There are many other examples of systems that can sit in front of yours, including:
- DDoS protection
- Protects your system from being affected by a DoS (Denial of Service) attack.
- Web application firewall
- Provides protection against some standard security exploits, such as cross-site scripting or SQL injection.
- Traffic queuing
- Protects your site from being overrun with traffic by queuing excess demand until space becomes available.
- Translation services
- Translate content into the language of the locale of the user.
It is not uncommon to find that requests have been routed via multiple cloud-based services between the user and your server.
There are a number of performance risks associated with moving your website behind cloud-based services.
- Complete failure or performance degradation
Like with third-party SaaS tools, if a cloud system you rely on goes down, so will your system. Likewise, if that cloud system starts to run slowly, so will your system.
This could be caused by hardware or infrastructure issues, or issues associated with software releases (SaaS providers will usually release often and unannounced). They could also be caused by third-party malicious activities such as hacking or DoS attacks—SaaS systems can be high profile and therefore potential targets for such attacks.
- Increased overhead
- All additional processing being done will add time to the overall processing time of a request. When adding an additional system in front of your own system, you’re not only adding the time taken for that service to execute the functionality that it is providing, but you’re also adding to the number of network hops the data has to make to complete its journey.
- Increased latency
- All services will add additional hops onto the route taken by the request. Some services offer geolocation so that users will be routed to a locally based service, but others do not. It’s not uncommon to hear of systems where requests are routed back and forth across the Atlantic several times between the user and the server as they pass through cloud providers offering different functionality.
6. Third-Party Components
Websites are increasingly dependent on being consumers of data or functionality provided by third-party systems.
Client-side systems will commonly display data from third parties as part of their core content. This can include:
- Data from third-party advertising systems (e.g., Google AdWords)
- Social media content (e.g., Twitter feeds or Facebook “like” counts)
- News feeds provided by RSS feeds
- Location mapping and directions (e.g., Google Maps)

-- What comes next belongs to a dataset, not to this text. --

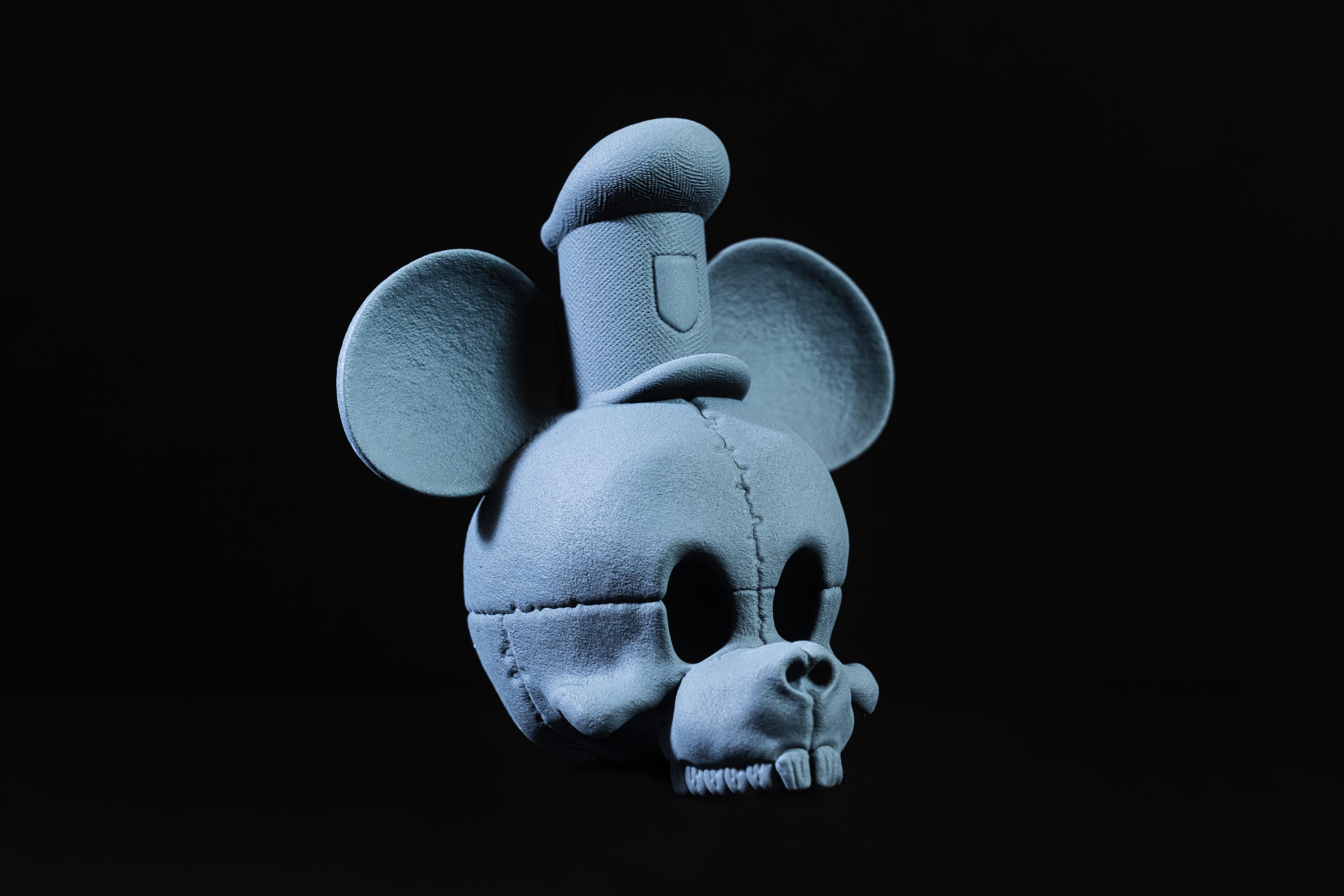 Steamboat Willie Skull 3d model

- Unseen third party calls, such as analytics, affiliate tracking tags, or monitoring tools
Server-side content will often retrieve external data and combine it with your data to create a mashup of multiple data sources. These can include freely available and commercial data sources; for example, combining your branch locations with mapping data to determine the nearest branch to the user’s location.
Dependence on these third-party components can create the following performance risks.
- Complete failure or inconsistent performance
- If your system depends on third-party data and that third party becomes unavailable, your system could fail completely. Likewise, poor performance by the third party can have a domino effect on your system’s performance.
- Unexpected results
- Third parties can sometimes change the data they return or the way their data feeds work, resulting in errors when you make requests or when the requests return unexpected data.